1962 British film by Ernest Morris

The Spanish Sword is a low budget 1962 British second feature ('B') adventure film directed by Ernest Morris and starring Ronald Howard, June Thorburn and Nigel Green. It was written by Brian Clemens and produced by The Danzigers.

A knight protects the treasure of Henry III of England from a thieving baron.

==Plot==
Rebellion breaks out during the reign of Henry III, and a brave knight foils the plans of a baron to steal the treasure of the King.

==Cast==
- Ronald Howard as Sir Richard Clovell
- June Thorburn as Lady Eleanor
- Nigel Green as Baron Breaute
- Trader Faulkner as Philip
- Derrick Sherwin as Edmund
- Robin Hunter as Thomas of Exeter
- Sheila Whittingham as Frances
- Barry Shawzin as Redbeard
- Garard Green as sergeant
==Production==
It was the last film shot at New Elstree Studios, wrapping production on 4 December 1961.
==Critical reception==
The Monthly Film Bulletin wrote: "Loyal knighthood-versus-treacherous tyranny in the reign of Henry III: unconvincing swordplay, tame characterisation and incident, direction without spark."
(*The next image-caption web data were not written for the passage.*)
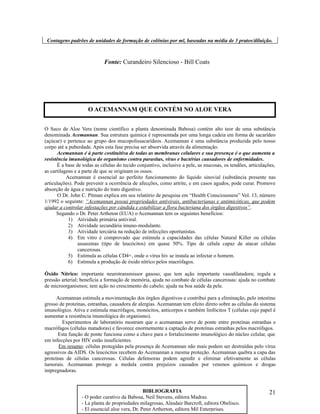 Contagens padrões de unidades de formação de colônias por ml, baseadas na média de 3 pratos/diluição.
Fonte: Curandeiro Silencioso - Bill Coats
O Suco de Aloe Vera (nome científico a planta denominada Babosa) contém alto teor de uma substância
denominada Acemannan. Sua estrutura química é representada por uma longa cadeia em forma de sacarídeo
(açúcar) e pertence ao grupo dos mucopolissacarídeos. Acemannan é uma substância produzida pelo nosso
corpo até a puberdade. Após esta fase precisa ser absorvida através da alimentação.
Acemannan é à parte costituitiva de todas as membranas celulares e sua presença é o que aumenta a
resistência imunológica do organismo contra parasitas, vírus e bactérias causadores de enfermidades.
É a base de todas as células do tecido conjuntivo, inclusive a pele, as mucosas, os tendões, articulações,
as cartilagens e a parte de que se originam os ossos.
Acemannan é essencial ao perfeito funcionamento do líquido sinovial (substância presente nas
articulações). Pode prevenir a ocorrência de afecções, como artrite, e em casos agudos, pode curar. Promove
absorção de água e nutrição do trato digestivo.
O Dr. John C. Pitman explica em seu relatório de pesquisa em “Health Consciousness” Vol. 13, número
1/1992 o seguinte: “Acemannan possui propriedades antivirais, antibacterianas e antimicóticas, que podem
ajudar a controlar infestações por cândida e estabilizar a flora bacteriana dos órgãos digestivos”.
Segundo o Dr. Peter Artheton (EUA) o Acemannan tem os seguintes benefícios:
1) Atividade primária antiviral.
2) Atividade secundária imuno-modulante.
3) Atividade terciária na redução de infecções oportunistas.
4) Em vitro é comprovado que estimula a capacidades das células Natural Killer ou células
assassinas (tipo de leucócitos) em quase 50%. Tipo de célula capaz de atacar células
cancerosas.
5) Estimula as células CD4+, onde o vírus hiv se instala ao infectar o homem.
6) Estimula a produção de óxido nítrico pelos macrófagos.
Óxido Nítrico: importante neurotransmissor gasoso, que tem ação importante vasodilatadora; regula a
pressão arterial; beneficia a formação de memória, ajuda no combate de células cancerosas: ajuda no combate
de microorganismos; tem ação no crescimento do cabelo; ajuda na boa saúde da pele.
Acemannan estimula a movimentação dos órgãos digestivos e contribui para a eliminação, pelo intestino
grosso de proteínas, estranhas, causadora de alergias. Acemannan tem efeito direto sobre as células do sistema
imunológico. Ativa e estimula macrófagos, monócitos, anticorpos e também linfócitos T (células cujo papel é
aumentar a resistência imunológica do organismo).
Experimentos de laboratório mostram que o acemannan serve de ponte entre proteínas estranhas e
macrófagos (células matadoras) e favorece enormemente a captação de proteínas estranhas pelos macrófagos.
Esta função de ponte funciona como a chave para o fortalecimento imunológico do núcleo celular, que
em infecções por HIV estão insuficientes.
Em resumo: células protegidas pela presença de Acemannan não mais podem ser destruídas pelo vírus
agressivos da AIDS. Os leucócitos recebem do Acemannan a mesma proteção. Acemannan quebra a capa das
proteínas de células cancerosas. Células defensoras podem agredir e eliminar efetivamente as células
tumorais. Acemannan protege a medula contra prejuízos causados por venenos químicos e drogas
impregnadoras.
21
O ACEMANNAM QUE CONTÉM NO ALOE VERA
BIBLIOGRAFIA
- O poder curativo da Babosa, Neil Stevens, editora Madras.
- La planta de propriedades milagrosas, Alasdair Barcroft, editora Obelisco.
- El essencial aloe vera, Dr. Peter Artherton, editora Mil Enterprises.
 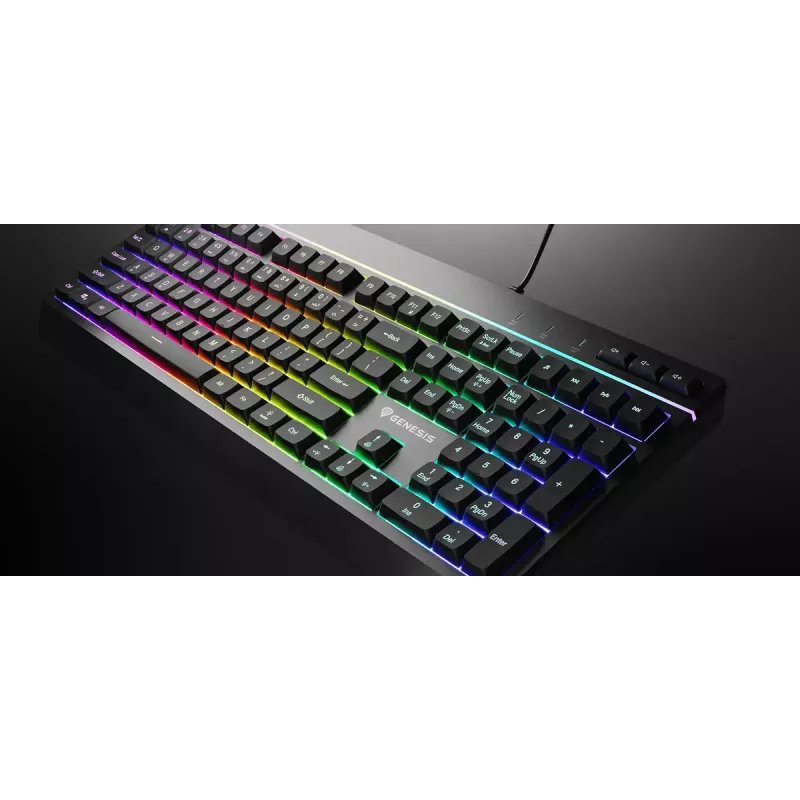 Wired full-size gaming keyboard Genesis Rhod 530, USB, QWERTY US, membrane, RGB backlight, 114 keys, 1.8 m cable, black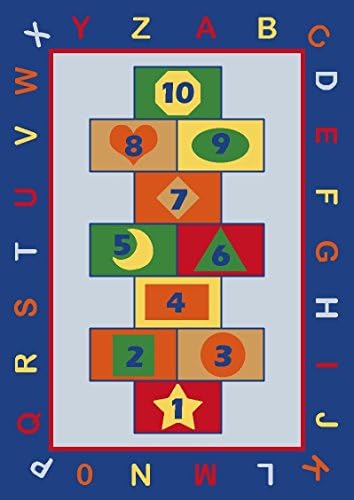 Luxury Carpets Collection Anti Bacterial Rubber Backed Non Slip Navy Blue Frame with Multi Colors Kids Children's Educational Area Rug (3' x 5', Hopscotch)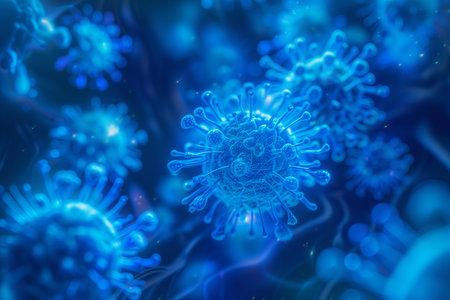 Virus Particles Microscopic Art ,Scientific Abstract Photography.Created with Generative AI technology.の素材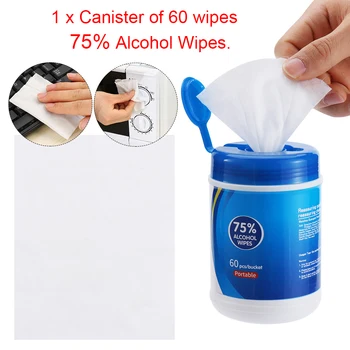 

60PCS 75% Alcohol Disinfectant Wipes Bactericidal Sanitizer Pad Cleaning Tissue Hand Surface Clean Antibacterial Cleaning Tissue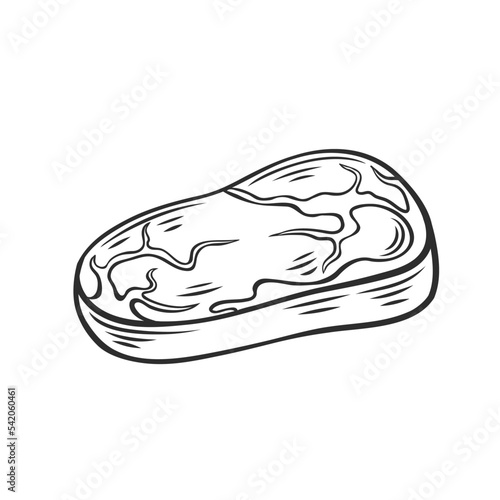 Marble beef steak outline icon vector illustration. Line hand drawn raw slice of cow meat with layer of fat, boneless beef fillet for steak house restaurant menu for dinner, protein food ingredient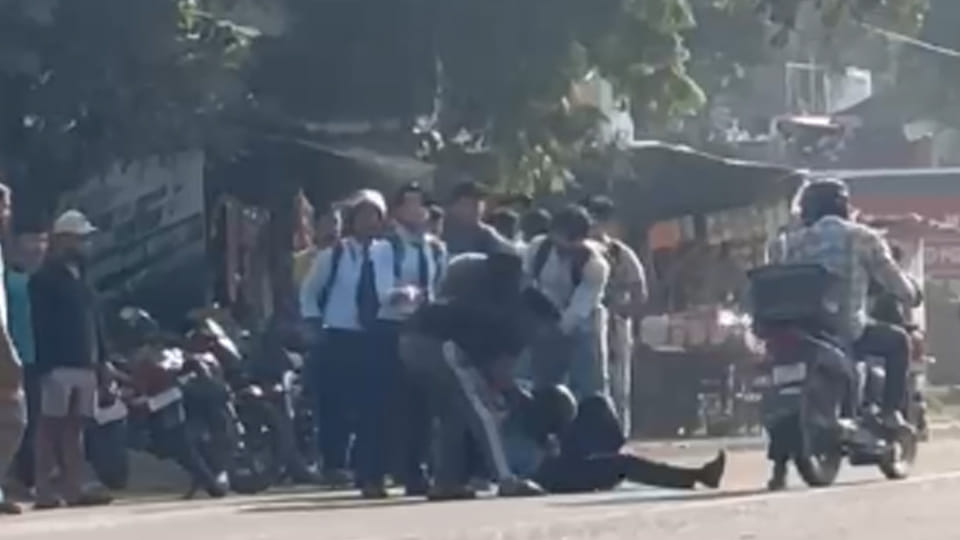 Youth beaten with kicks and punches outside a college; video of the assault goes viral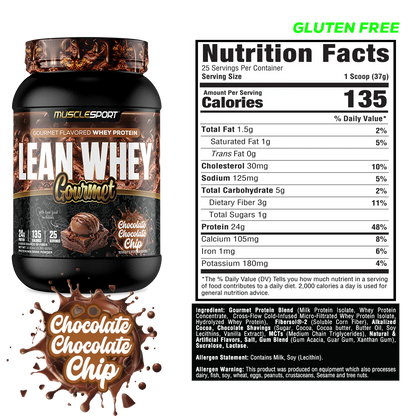 Lean Whey Gourmet Premium Blended Protein 2lb Chocolate Chocolate Chip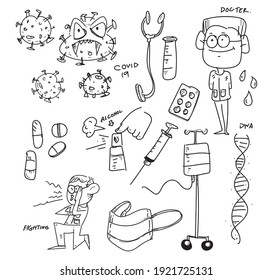 Set of Doodle about coronavirus.,Hand drawn Sketch line vector illustration., Quarantine positive doodle, sketch. Icons, elements. Isolated on white background.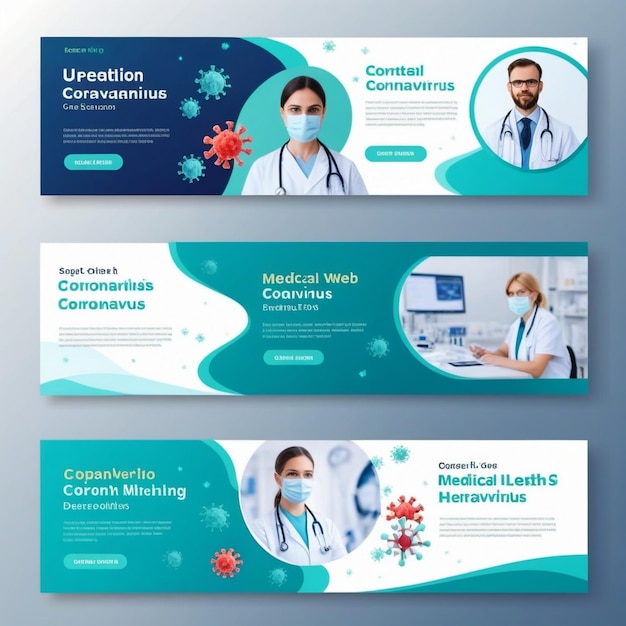 Photo medical health coronavirus web banner template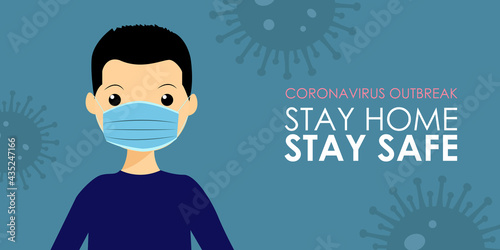 Coronavirus outbreak. stay home stay safe. Young man wearing mask to protect from COVID-19 and other infections.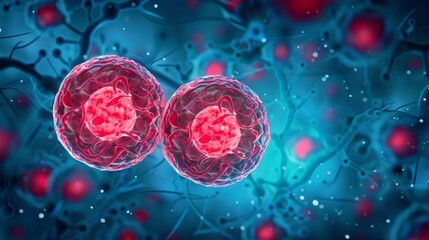 Fototapeta premium An illustration of two red glowing reproductive cells on a blue background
Kine Weekly wrote: "Although it lacks scope the film has a robust story and a rousing final scene. ... This subject is one which lends itself to spectacle, but is denied it here. What it really lacks is scope and punch and this half-hearted approach mitigates against conviction, but hearty and robust encounters and a rousing finale accompanied by moderate suspense will hold the not too critical audience. Ronald Howard is a rather anaemic knight as Clovell and the role of Eleanor makes few demands upon June Thorburn while Nigel Green is a little too emphatic as the bombastic Breaute. The country settings are pleasing and the costumes give a more or less accurate picture of the period to bolster up the far-fetched plot."

TV Guide wrote: "a weak script is saved by some impressive battle scenes and authentic-looking costuming."